Commodities Cushioned From Crimea Crisis by Ample Supply‏

"Unprecedented natural-gas reserves in Europe, record global grain output and the threat of mutual economic calamity from oil sanctions are cushioning commodity prices even as the Ukraine-Russia conflict spurs a gold rally".
"While U.K. gas prices, a European benchmark, rose 5.1 percent since the crisis began at the end of February, they are still the lowest for this time of year since 2010. Brent crude fell 0.5 percent. After wheat advanced 14 percent and corn 4.9 percent, both are still at least 26 percent below the peaks in 2010, the last time Russia and Ukraine curbed shipments. Gold reached a six-month high on March 14 as demand for a haven grew".
"Abundant supply is limiting some price swings caused by Russia’s incursion into Crimea, where a majority in a disputed vote March 16 chose to join Russia, exit polls showed. Europe gets about a third of its gas from Russia, half of it through Ukraine, and about the same proportion of crude.
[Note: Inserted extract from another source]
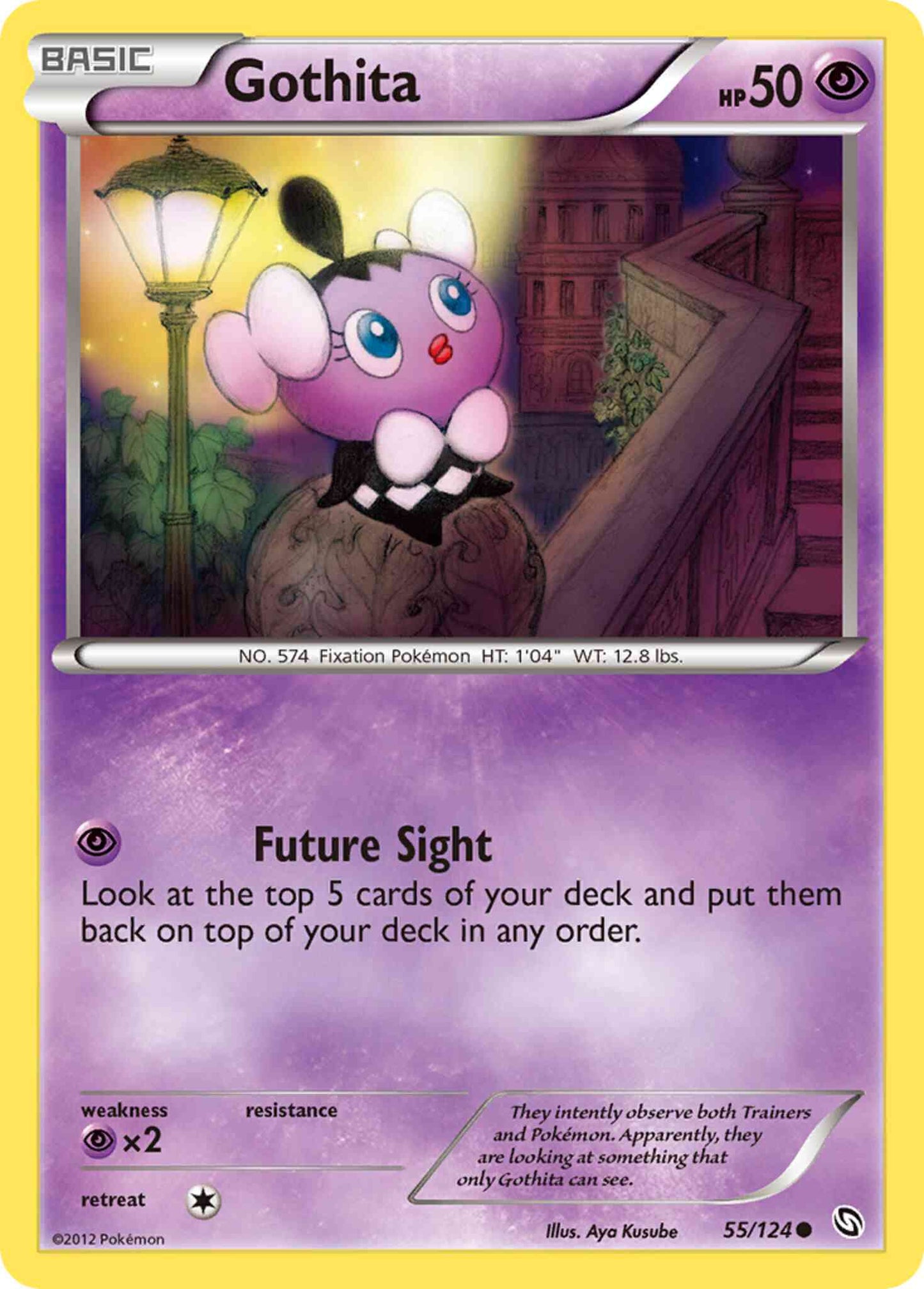 Gothita - 55/124 - Common [bw6-55] [Reverse Holo]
Russia’s economy has slowed for three consecutive years, increasing its reliance on the export revenue. Sanction talks in Europe have focused on asset freezes and visa bans rather than energy.
“This is basically a hydrocarbon version of Mutually Assured Destruction,” said Seth Kleinman, Citigroup Inc.’s London-based head of energy research. “Europe needs Russian energy, and Russia needs Europe’s money.”
Supplies of Russian gas transiting through Ukraine into Europe were interrupted in 2006 and 2009 because of disputes over prices and terms of supply. On both occasions, temperatures were freezing. Europe is now having its mildest winter since 2007, and stockpiles were about 45 percent full on March 13, up from 34 percent a year earlier, according to Gas Infrastructure Europe, the Brussels-based lobby group".